* **Record excerpts**
"""

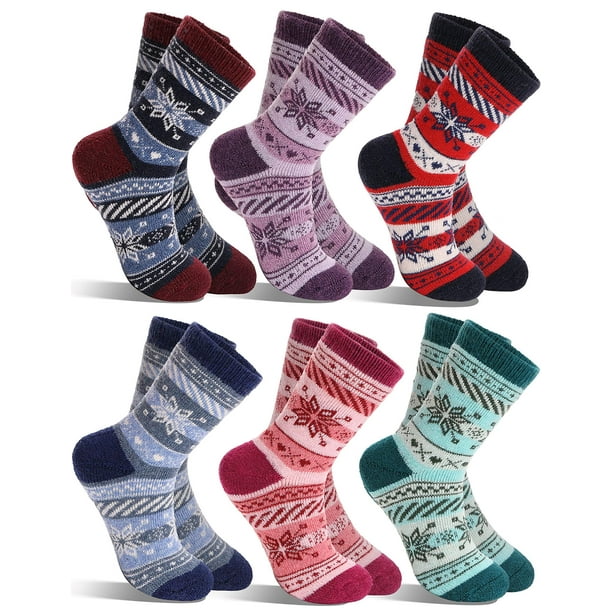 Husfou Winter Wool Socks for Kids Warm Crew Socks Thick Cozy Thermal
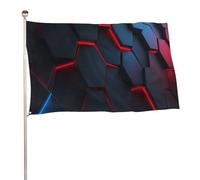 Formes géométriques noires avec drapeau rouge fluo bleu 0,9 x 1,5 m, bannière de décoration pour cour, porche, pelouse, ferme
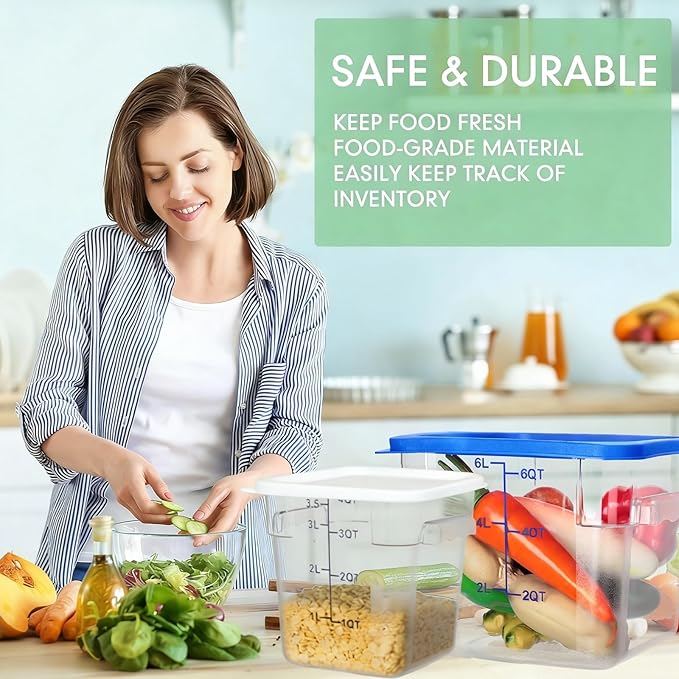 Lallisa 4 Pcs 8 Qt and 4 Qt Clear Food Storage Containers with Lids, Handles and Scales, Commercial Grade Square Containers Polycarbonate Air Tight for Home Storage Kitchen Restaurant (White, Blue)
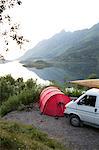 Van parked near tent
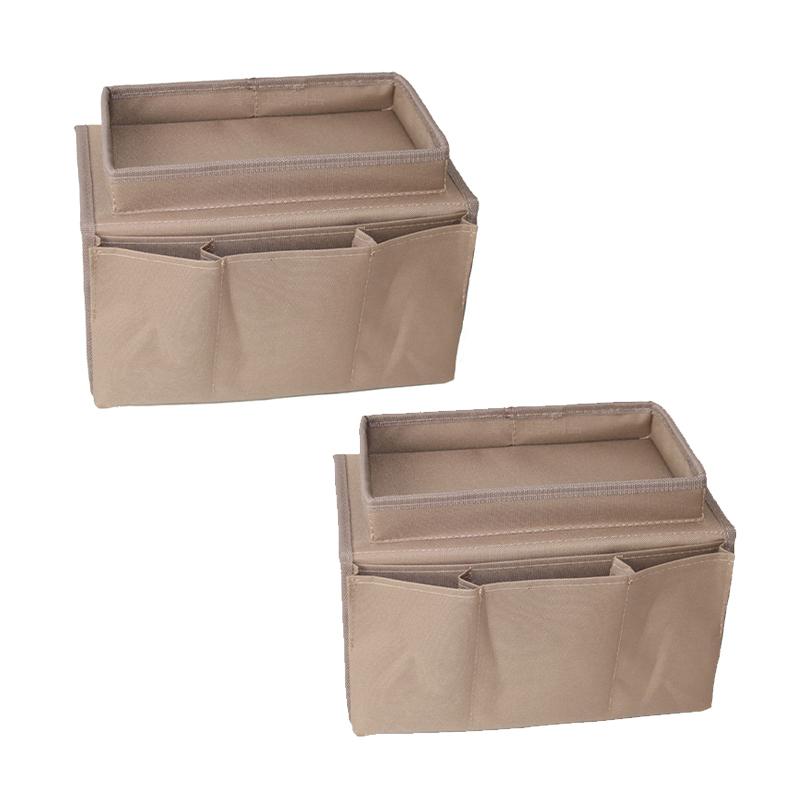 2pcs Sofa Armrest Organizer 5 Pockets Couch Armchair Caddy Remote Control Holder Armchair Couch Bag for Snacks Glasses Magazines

"""

* **Instructions to follow**
Images aside, return each entry above precisely as it stands.

* **Task output**
 Husfou Winter Wool Socks for Kids Warm Crew Socks Thick Cozy Thermal
 Formes géométriques noires avec drapeau rouge fluo bleu 0,9 x 1,5 m, bannière de décoration pour cour, porche, pelouse, ferme
 Lallisa 4 Pcs 8 Qt and 4 Qt Clear Food Storage Containers with Lids, Handles and Scales, Commercial Grade Square Containers Polycarbonate Air Tight for Home Storage Kitchen Restaurant (White, Blue)
 Van parked near tent
 2pcs Sofa Armrest Organizer 5 Pockets Couch Armchair Caddy Remote Control Holder Armchair Couch Bag for Snacks Glasses Magazines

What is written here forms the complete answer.